Re: [HACKERS] After switching primary server while using replication slot.

2014-08-27 Thread Fujii Masao
On Fri, Aug 22, 2014 at 11:29 PM, Andres Freund and...@2ndquadrant.com wrote:
 Hi,

 On 2014-08-20 13:14:30 -0400, Robert Haas wrote:
 On Tue, Aug 19, 2014 at 6:25 AM, Fujii Masao masao.fu...@gmail.com wrote:
  On Mon, Aug 18, 2014 at 11:16 PM, Sawada Masahiko sawada.m...@gmail.com 
  wrote:
  Hi all,
  After switching primary serer while using repliaction slot, the
  standby server will not able to connect new primary server.
  Imagine this situation, if primary server has two ASYNC standby
  servers, also use each replication slots.
  And the one standby(A) apply WAL without problems. But another one
  standby(B) has stopped after connected to primary server.
  (or sending WAL is too delayed)
 
  In this situation, the standby(B) has not received WAL segment file
  while stopping itself.
  And the primary server can not remove WAL segments which has not been
  received to all standby.
  Therefore the primary server have to keep the WAL segment file which
  has not been received to all standby.
  But standby(A) can do checkpoint itself, and then it's possible to
  recycle WAL segments.
  The number of WAL segment of each server are different.
  ( The number of WAL files of standby(A) having smaller than primary 
  server.)
  After the primary server is crashed, the standby(A) promote to primary,
  we can try to connect standby(B) to standby(A) as new standby server.
  But it will be failed because the standby(A) server might not have WAL
  segment files that standby(B) required.
 
  This sounds valid concern.
 
  To resolve this situation, I think that we should make master server
  to notify about removal of WAL segment to all standby servers.
  And the standby servers recycle WAL segments files base on that 
  information.

 I think that'll end up being really horrible, at least if done in an
 obligatory fashion. In a cascaded setup it's really sensible to only
 retain WAL on the intermediate nodes. Consider e.g. a setup - rather
 common these days actually - where there's a master somewhere and then a
 cascading standby on each continent feeding off to further nodes on that
 continent. You don't want to retain nodes on each continent (or on the
 primary) just because one node somewhere is down for maintenance.

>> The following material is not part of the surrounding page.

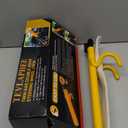 Tevlaphee Steering Wheel Lock - Heavy Duty Antitheft Device and Car Security Lock with Adjustable Locking and 3 Keys - Great Vehicle and Truck Deterrent (Yellow)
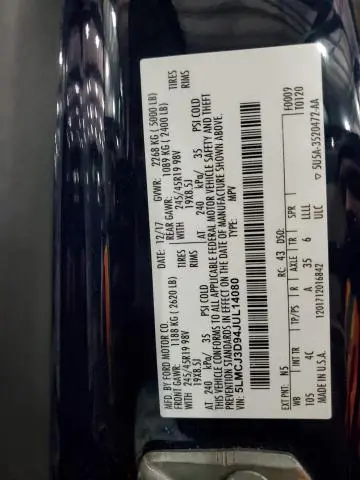 2018 LINCOLN MKC RESERVE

 If you really want something like this we should probably add the
 infrastructure for one standby to maintain a replication slot on another
 standby server. So, if you have a setup like:

 A
/ \
  /\
 B  C
/ \ /\
 .... ..  ..

 B and C can coordinate that they keep enough WAL for each other. You can
 actually easily write a external tool for that today. Just create a
 replication slot oin B for C and the other way round and have a tool
 update them once a minute or so.

 I'm not sure if we want that builtin.

  Thought?
 
  How does the server recycle WAL files after it's promoted from the
  standby to master?
  It does that as it likes? If yes, your approach would not be enough.
 
  The approach prevents unexpected removal of WAL files while the standby
  is running. But after the standby is promoted to master, it might recycle
  needed WAL files immediately. So another standby may still fail to retrieve
  the required WAL file after the promotion.
 
  ISTM that, in order to address this, we might need to log all the 
  replication
  slot activities and replicate them to the standby. I'm not sure if this
  breaks the design of replication slot at all, though.

 Yes, that'd break it. You can't WAL log anything on a standby, and
 replication slots can be modified on standbys.

So current solution for the problem Sawada reported is to increase
wal_keep_segments on the standby to enough high maybe.

Regards,

-- 
Fujii Masao


-- 
Sent via pgsql-hackers mailing list (pgsql-hackers@postgresql.org)
To make changes to your subscription:
http://www.postgresql.org/mailpref/pgsql-hackers


Re: [HACKERS] After switching primary server while using replication slot.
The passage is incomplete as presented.